Head of Global Payment Risk, Merlin

Shopper DNA est un élément clé de cette intelligence. Cette fonctionnalité permet de relier différents points de données (informations de paiement, adresse, appareil utilisé, historique de transactions) afin de permettre une connaissance complète du client.

Grâce à Shopper DNA, Merlin peut identifier et suivre les clients à travers différents sites, canaux et régions, et se faire une idée plus précise de leurs comportements.

"Même si un client a effectué un achat sur place il y a trois ans au LEGOLAND Florida Resort, nous pouvons aujourd’hui le relier à une transaction en ligne réalisée hier au Royaume-Uni. Il est également très utile de pouvoir suivre le parcours d’un client tout au long d’une attraction."

Carl Mason

Head of Global Payment Risk, Merlin

Merlin abordait avec prudence, et c’est compréhensible, l’idée de s’éloigner d’un système basé sur des règles qui avait fait ses preuves. Pour lever ces réticences, Adyen a proposé de déployer Protect en parallèle des règles existantes, sur un système d’A/B test. Pendant six mois, les équipes ont ainsi pu comparer les décisions issues du machine learning à celles de leur propre moteur de règles, en évaluant à la fois l’impact sur la fraude et les taux de conversion.

Moins de fraude, plus de conversions… et la part belle aux bons moments !

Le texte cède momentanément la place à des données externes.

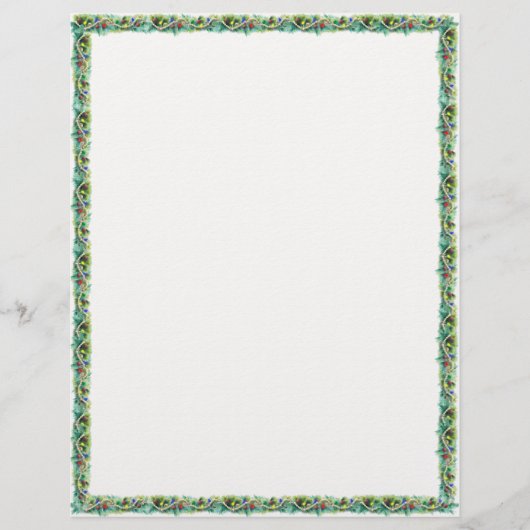 クリスマスガーランド文房具 (正面)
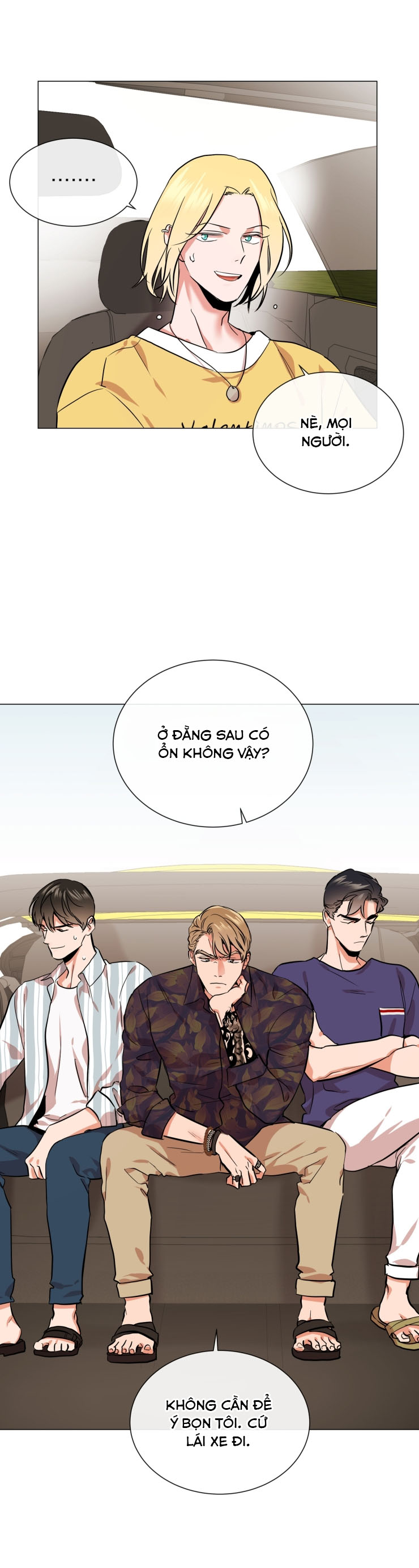 đặc vụ red candy chapter 83 9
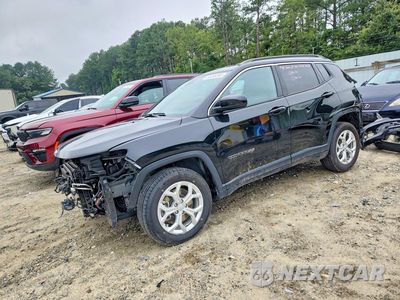 2024 JEEP COMPASS LATITUDE 3C4NJDBN8RT138873 - główne zdjęcie licytacji z USA - miniatura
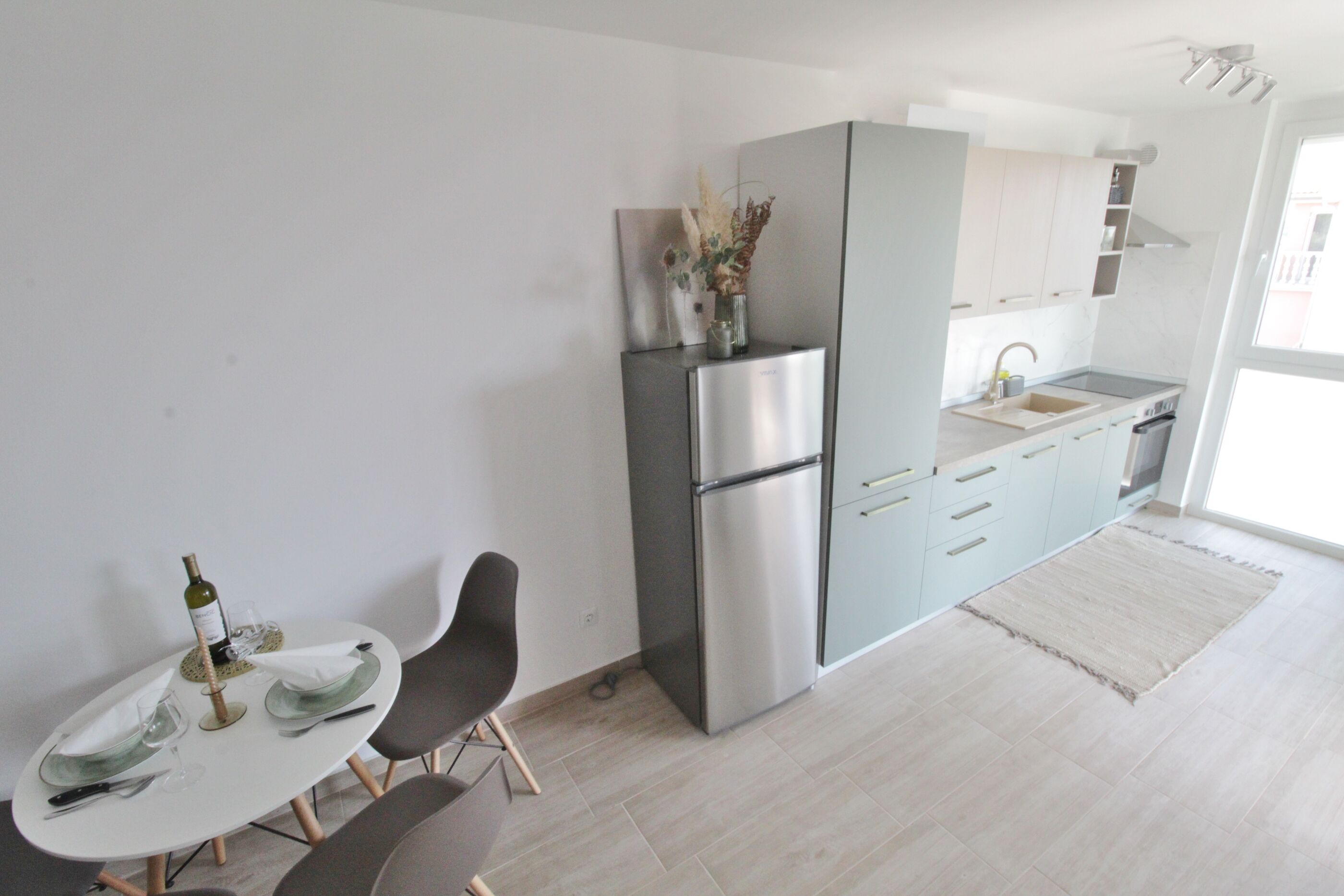 Apartments La mar Zambratija 84557-A1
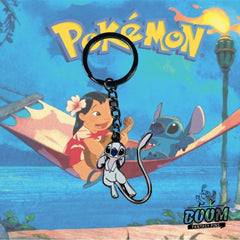 Llavero – Experimento Ángel 624 de Lilo y Stitch – Disney Fantasy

Après quatre mois de test de Protect sur 80 % du trafic, les résultats se sont révélés très positifs. Merlin a notamment constaté :

  • 40 % d’alertes de fraude en moins : en identifiant plus tôt les fraudeurs dans le parcours de paiement, Protect a permis de réduire significativement les chargebacks.

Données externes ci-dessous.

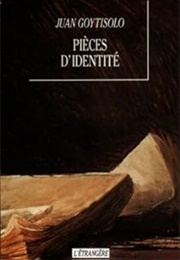 Pièces D'identité (Juan Goytisolo)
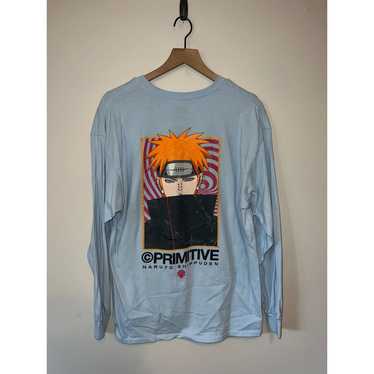 Anima 2007 Naruto Shippuden Primitive Blue Long S… - image 1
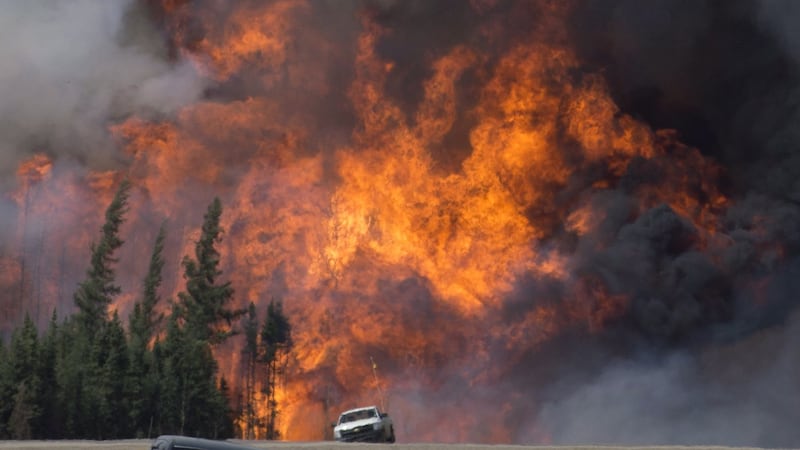 'Who we are': Albertans remember Fort McMurray wildfire 10 years later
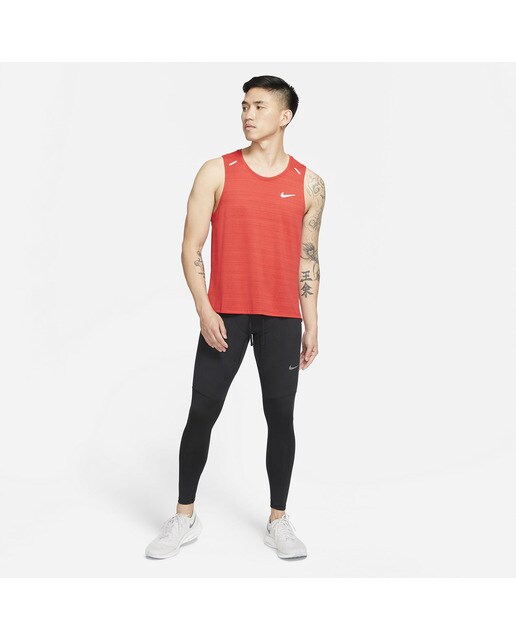 Leggings de homem Phenom Elite Preto / Cinzento-7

  • +2 % de taux d’autorisation : tout en bloquant davantage de fraude, Merlin a réussi à convertir plus de clients légitimes.

  • Moins de sollicitations du service client : le nombre d’appels de clients incapables de finaliser leur commande a nettement diminué.

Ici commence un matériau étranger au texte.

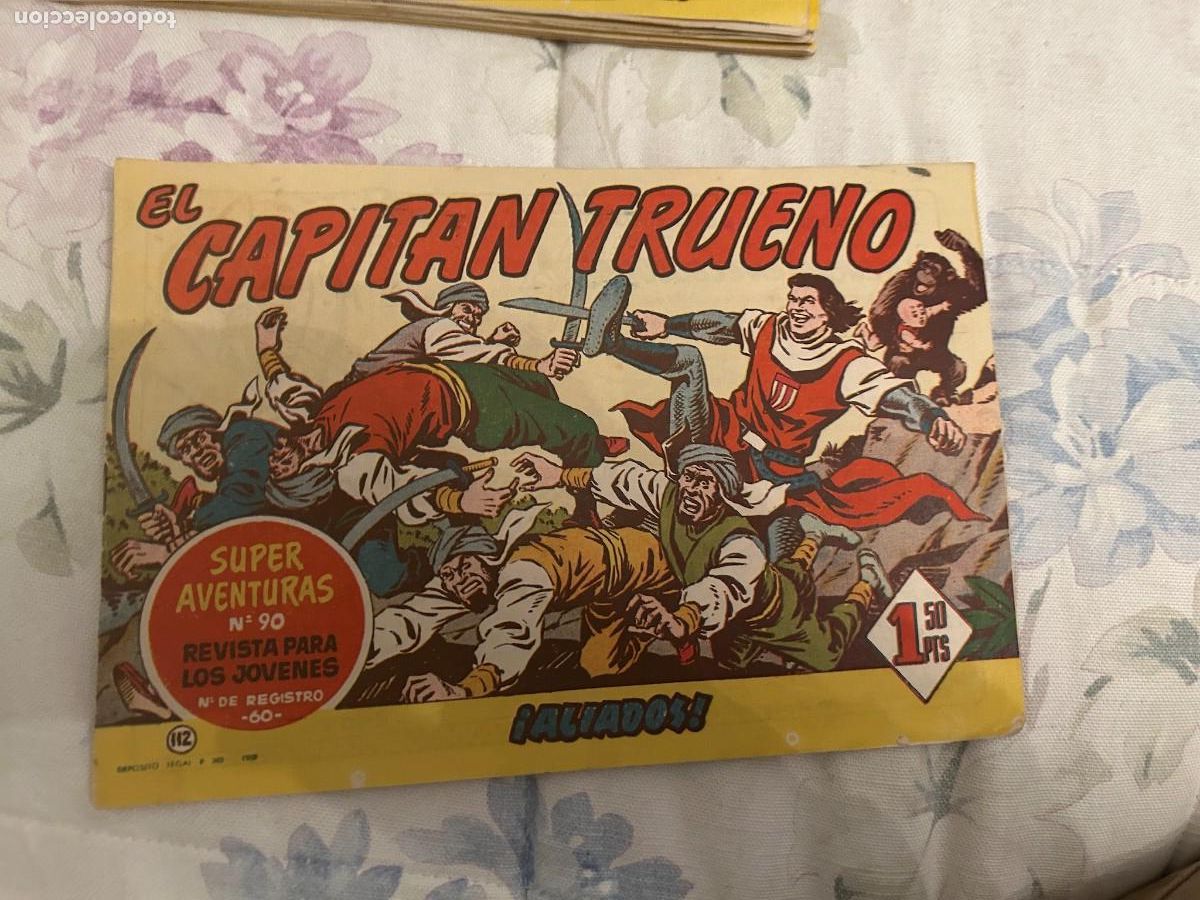 Tebeos: CAPITAN TRUENO N&ordm; 112 BUEN ESTADO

"Nos taux d’autorisation en e-commerce et sur les paiements récurrents ont augmenté de 2 % par rapport à l’année précédente. C’est un gain considérable, surtout quand on sait que l’année d’avant, nous avions peiné à gagner ne serait-ce que 1 %. Adyen Protect nous a non seulement permis d’atteindre nos objectifs en matière d’autorisation, mais aussi de les dépasser."

Carl Mason

Head of Global Payment Risk, Merlin

Au-delà des chiffres, les équipes de Merlin ont aussi gagné un temps précieux. Elles n’ont plus besoin d’analyser manuellement les chargebacks ni de maintenir des ensembles de règles complexes.

"Grâce au machine learning d’Adyen Protect, le système s’ajuste de lui-même, sans que nous ayons à intervenir ou à créer des règles manuelles. Le gain de temps est énorme."

Carl Mason

Head of Global Payment Risk, Merlin

Évoluer pour accompagner chaque nouvelle aventure

À mesure que les modes de paiement évoluent, Merlin veille à ce que chaque interaction reste alignée avec l’expérience globale de la marque.

"Adyen est un partenaire clé qui nous permet d’offrir l’expérience de paiement que nos clients attendent, tout en protégeant leurs données et notre activité. Les fraudeurs cherchent en permanence à contourner les systèmes, et nous aussi, nous devons sans cesse évoluer. C’est pour cela que nous apprécions autant la capacité d’innovation continue d’Adyen, qui nous permet de garder une longueur d’avance."

Carl Mason

Head of Global Payment Risk, Merlin

Cette collaboration se reflète aussi dans le quotidien. Les équipes se retrouvent chaque semaine, nous avons mis en place des processus de remontée et traitement des tickets et les échanges sont constants pour tirer le meilleur parti du partenariat.

"Ce partenariat tout à fait exceptionnel nous permet de nous concentrer sur l’essentiel : créer des expériences mémorables pour nos millions de visiteurs à travers le monde, en sachant que les paiements sont entre de bonnes mains."